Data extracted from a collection
====

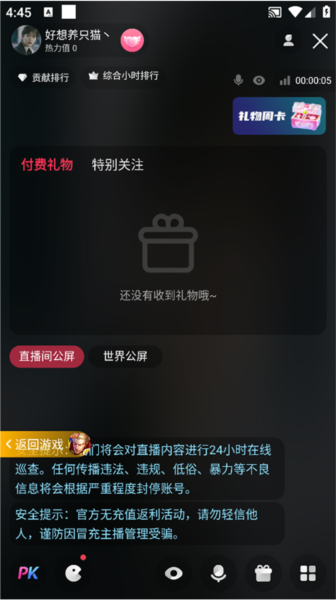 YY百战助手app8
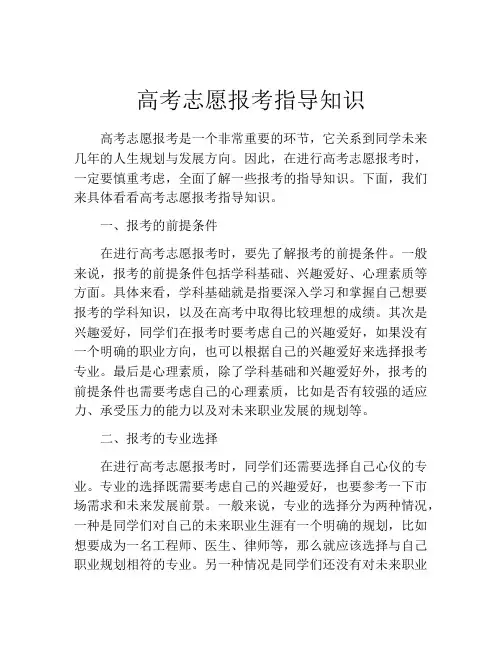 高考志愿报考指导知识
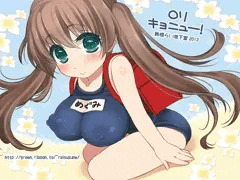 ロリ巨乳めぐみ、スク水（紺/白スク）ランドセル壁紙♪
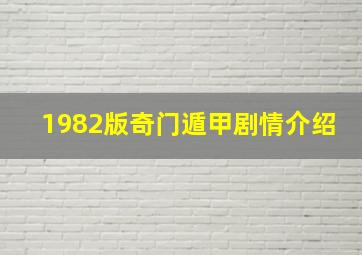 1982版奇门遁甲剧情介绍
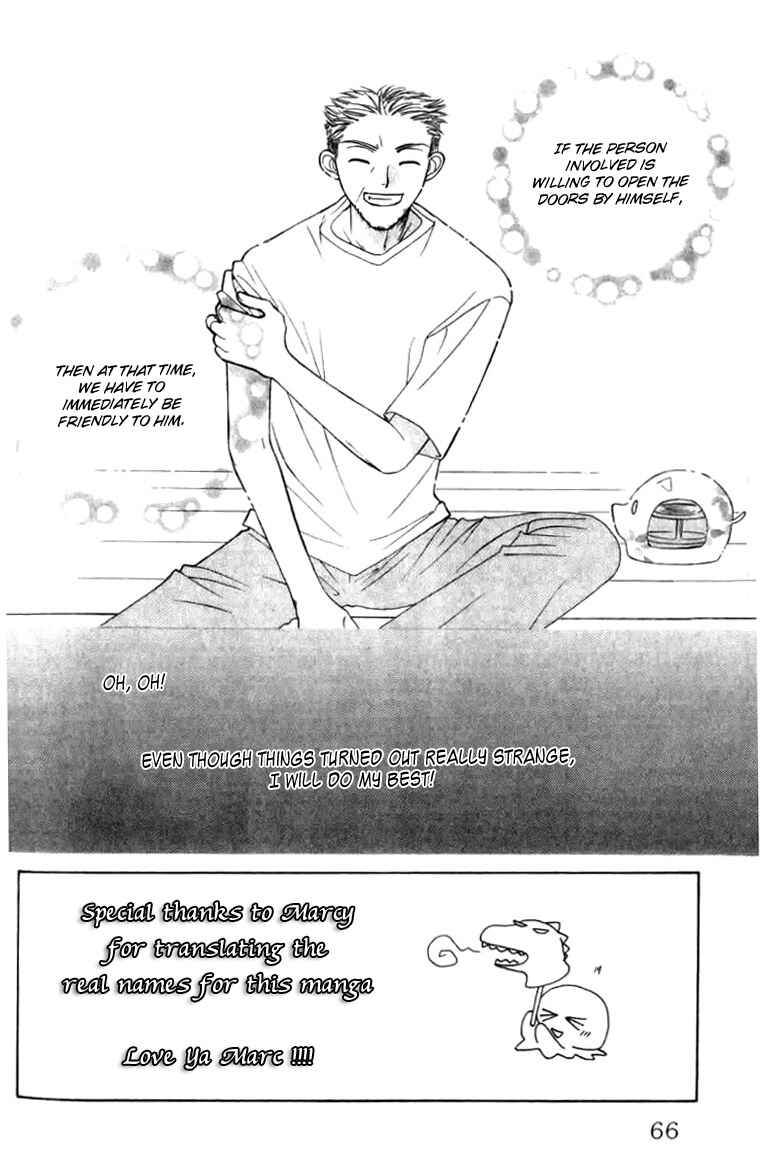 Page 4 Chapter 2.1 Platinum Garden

====

▶ [Problem description]: Starting where a line contains "ロリ巨乳めぐみ、スク水（紺/白スク）ランドセル壁紙♪" and finishing at the last line above, set down every line exactly as it reads, with no pictures.

▶ [The completed task]:
 ロリ巨乳めぐみ、スク水（紺/白スク）ランドセル壁紙♪
 1982版奇门遁甲剧情介绍
 Page 4 Chapter 2.1 Platinum Garden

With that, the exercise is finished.